* Requirement: Exactly what is written in the records below should be returned, minus the images.

* Entries supplied:
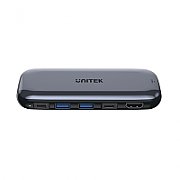 UNITEK HUB USB-C STORAGE M.2, HDMI, USB-C PD 100W, D1046A_1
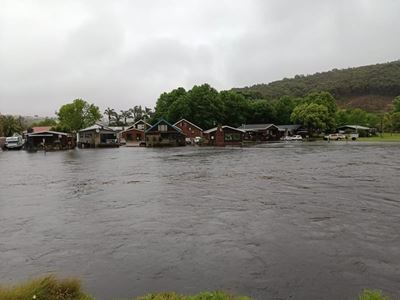 Flooded rivers, road closures in Mossel Bay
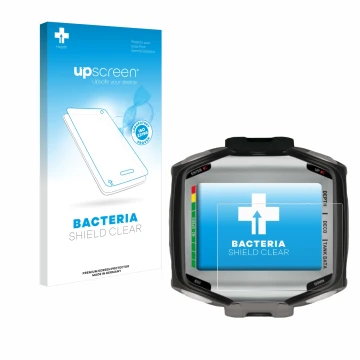 Front side of a product packaging with the brand logo upscreen. Next to it is the device Mares Quad shown with the correspondi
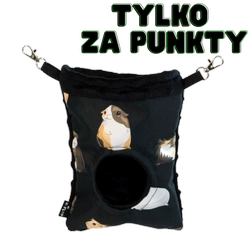 Czarny paśnik w świnki dla małych zwierząt domowych- dostępny tylko za punkty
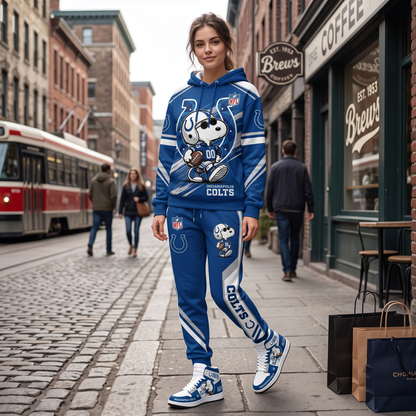 NFL Dog Football Fan Hoodie & Sweatpants & High Sneakers | All 32 Teams Available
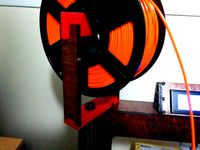Makerfarm Prusa i3v Spool Holder Extension by BigBadBison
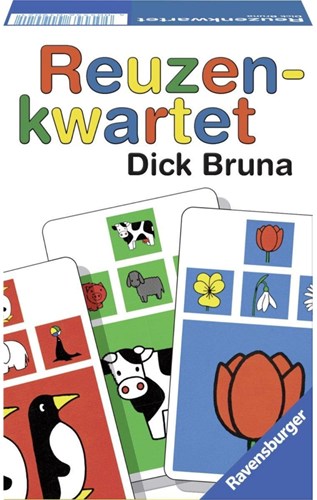 Ravensburger Kartenspiel Dick Bruna Riesenquartett für Kinder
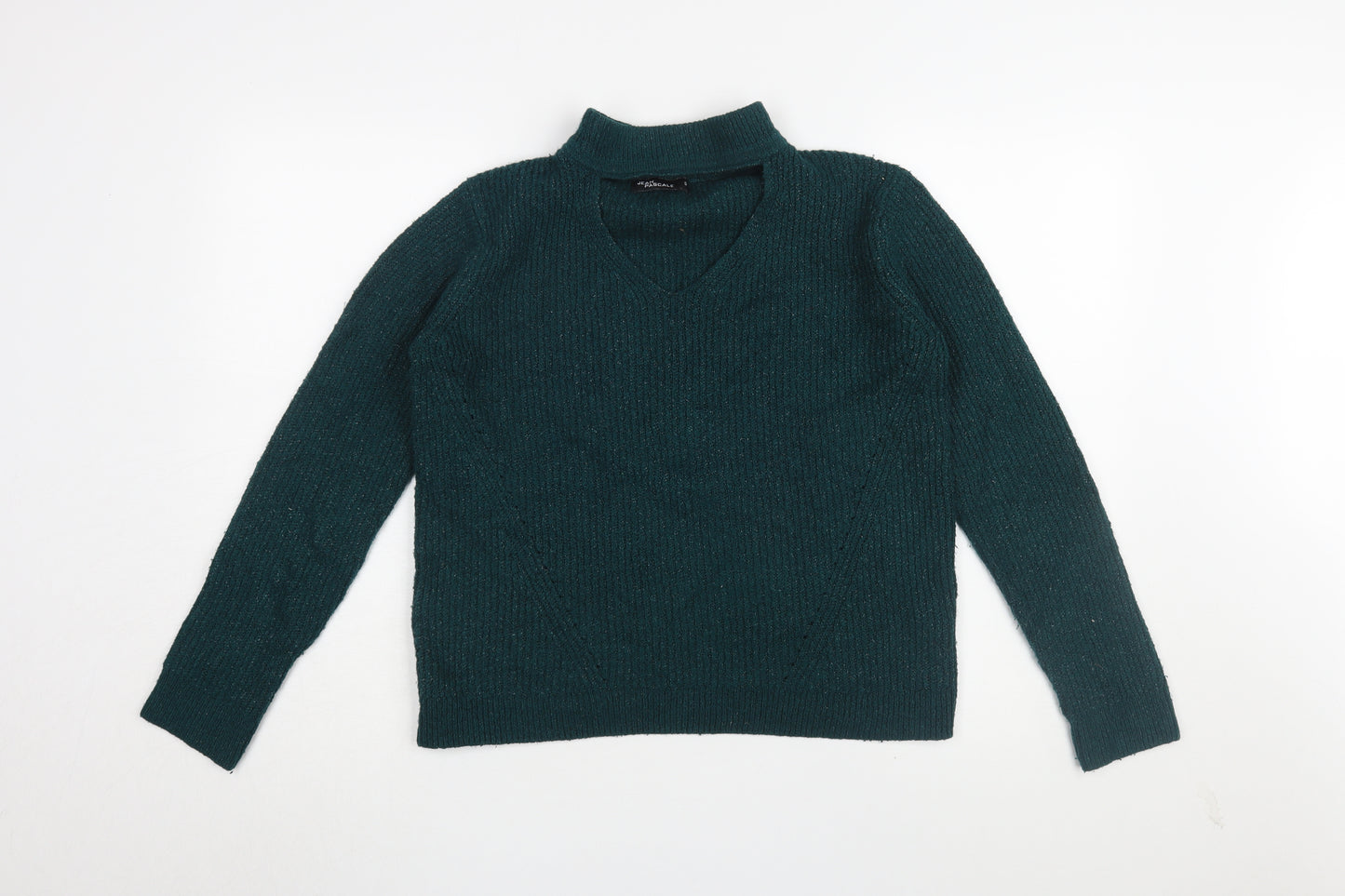 Jean Pascale Women's Green Pullover Jumper, Size S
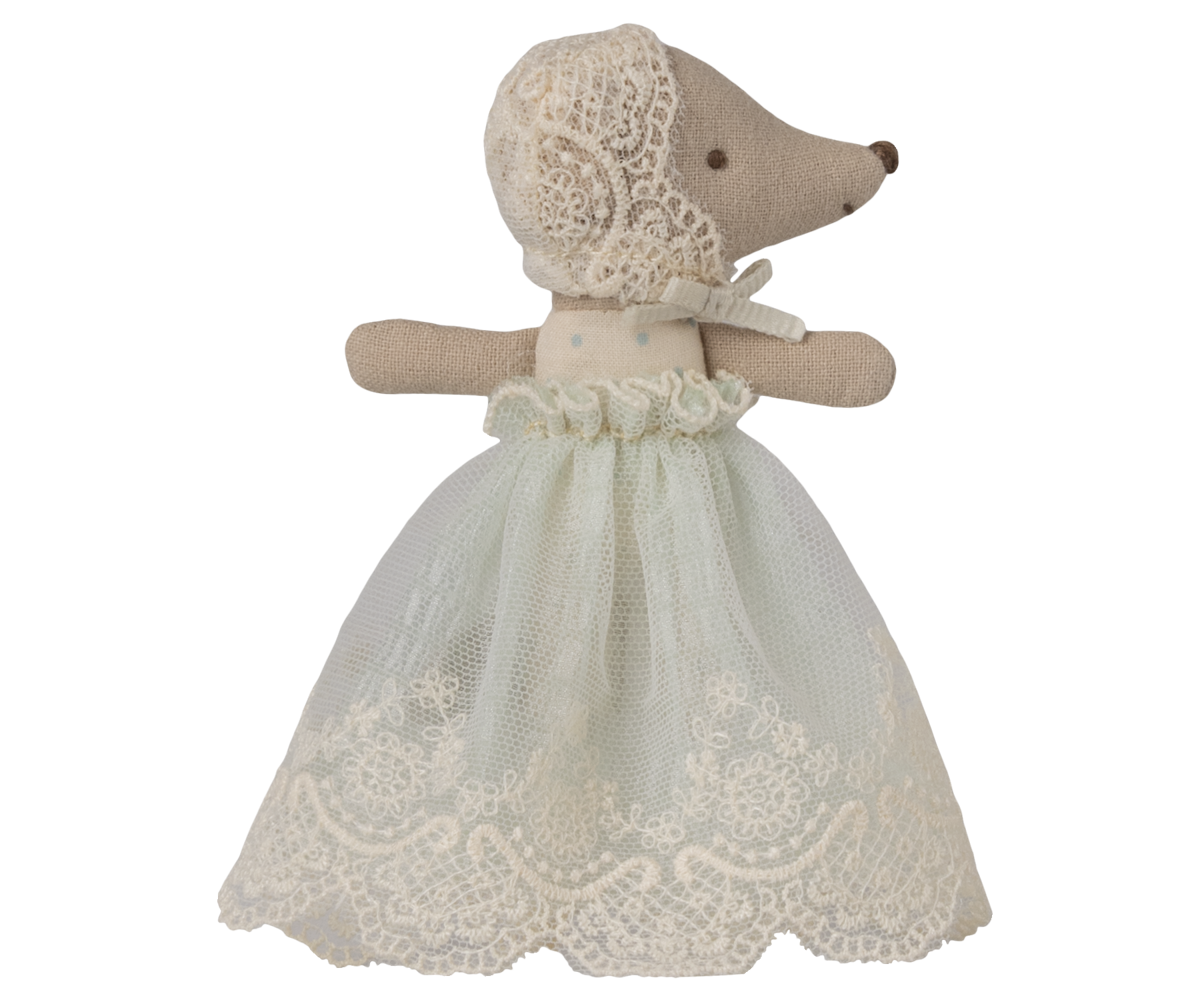 Maileg - Babymuis in Jurk - Mint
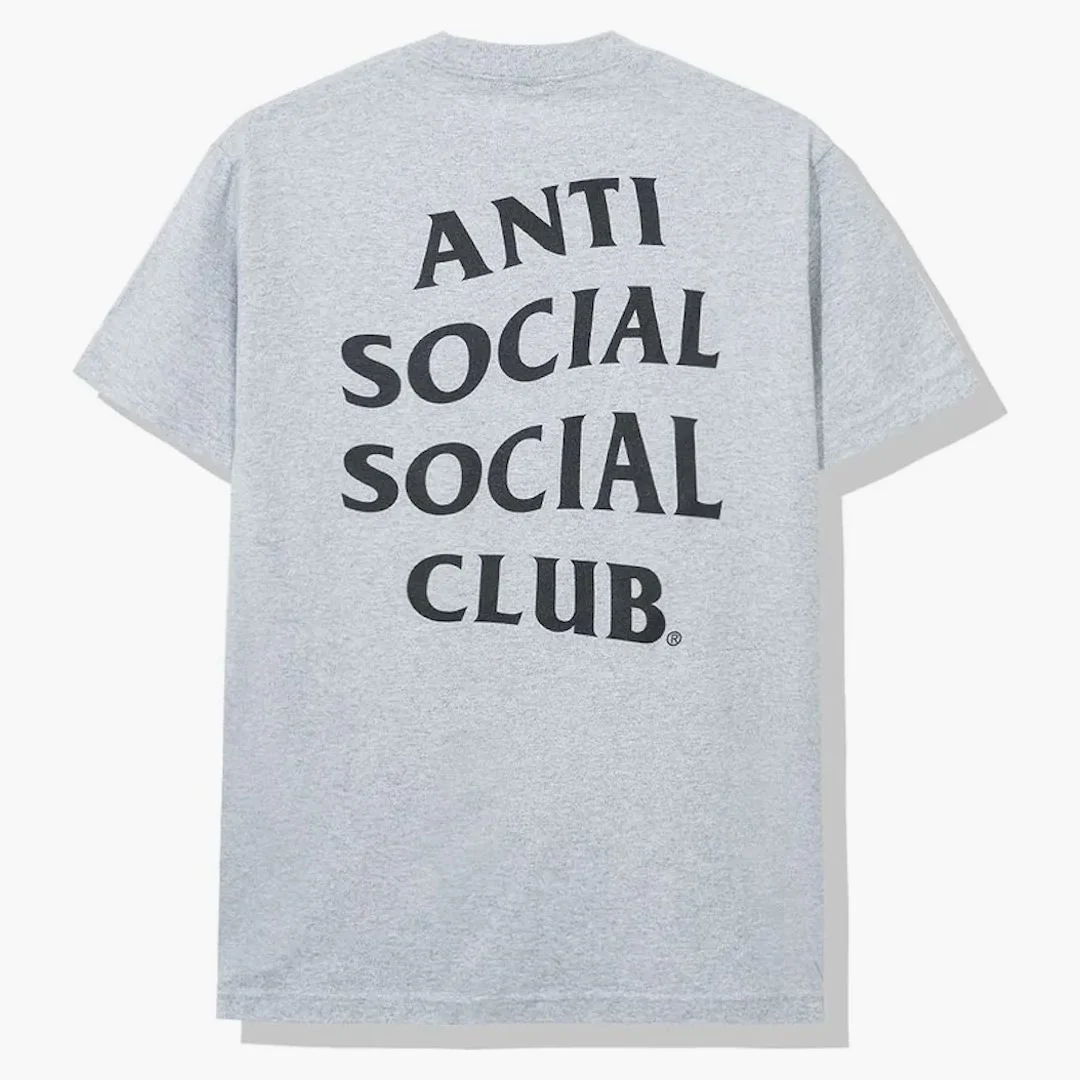 Anti Social Social Club Wifey Tee Grey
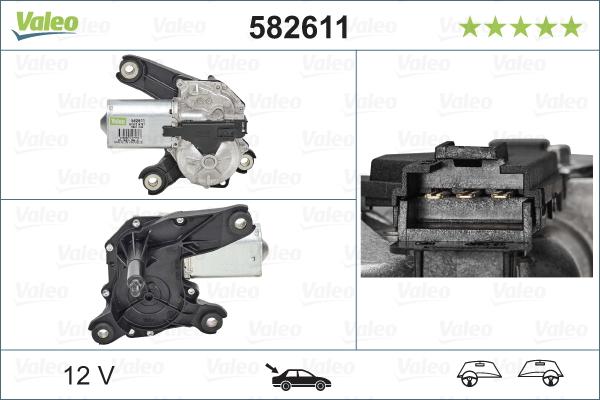 Valeo 582611 - Stikla tīrītāju motors ps1.lv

* Answer below:
 UNITEK HUB USB-C STORAGE M.2, HDMI, USB-C PD 100W, D1046A_1
 Flooded rivers, road closures in Mossel Bay
 Front side of a product packaging with the brand logo upscreen. Next to it is the device Mares Quad shown with the correspondi
 Czarny paśnik w świnki dla małych zwierząt domowych- dostępny tylko za punkty
 NFL Dog Football Fan Hoodie & Sweatpants & High Sneakers | All 32 Teams Available
Makerfarm Prusa i3v Spool Holder Extension by BigBadBison
 Ravensburger Kartenspiel Dick Bruna Riesenquartett für Kinder
 Jean Pascale Women's Green Pullover Jumper, Size S
 Maileg - Babymuis in Jurk - Mint
 Anti Social Social Club Wifey Tee Grey
 Valeo 582611 - Stikla tīrītāju motors ps1.lv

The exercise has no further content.